Jimmy Williams, CEO and co-founder of Urban Jungle:
Why did you need VC funding?
“Back in 2016 when I was living with friends in a house share in London, I realised how hard it was to get insurance while renting. The big insurers are just excluding a whole section of society, and that has big personal and societal implications.
“I teamed up with my co-founder Greg Smyth (former Google and Facebook engineer) to create Urban Jungle and fix that. We offer simple smart contents insurance designed for renters. We offer insurance to those the traditional industry often chooses to neglect, and do that in a fair and transparent way, with no hidden fees or interest charges.
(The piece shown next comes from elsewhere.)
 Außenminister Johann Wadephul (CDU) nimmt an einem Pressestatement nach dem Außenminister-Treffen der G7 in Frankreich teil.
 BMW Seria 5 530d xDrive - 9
“Insurance is a highly regulated industry where you really can’t cut corners, as it should be, so we knew early on we would need capital and support from investors who shared our values and vision. It’s a massive industry, so we knew if we were going to make a dent in it, we would need to get big, and that would require capital.”
How is it helping you achieve impact?
“We have built some great products for our young and lower-income target customer groups. The funding has been very helpful in encouraging some of the biggest and best insurers in the UK to step up and work with us on fixing these problems by underwriting our products, as well as hiring the specialist teams we need to build them.
“Then of course we need to tell our customers about the products, and the funding has helped us invest in marketing which is, in turn, helping us re-educate renters that there is an insurance offering out there for them. We have already helped nearly 40,000 customers in just over three years of trading, and around 80% of customers are new-to-market, so that is a lot of people getting insured who were not insured before. It’s great to see the impact that makes on all of these customers whenever the worst happens.”
Impact startups are part of a movement that is gathering momentum and with many pressing issues facing society, they have an even greater role to play in the recovery phase of this crisis and beyond, providing opportunities for investment.
In the coming years we hope to help spur investment into innovative startups with extraordinary teams that respond to social challenges while also providing strong financial returns for the investors involved.
People are becoming increasingly concerned with social issues, a focus on purpose is increasingly desirable for venture capital investors, and the startups waking up to the challenge will be rewarded.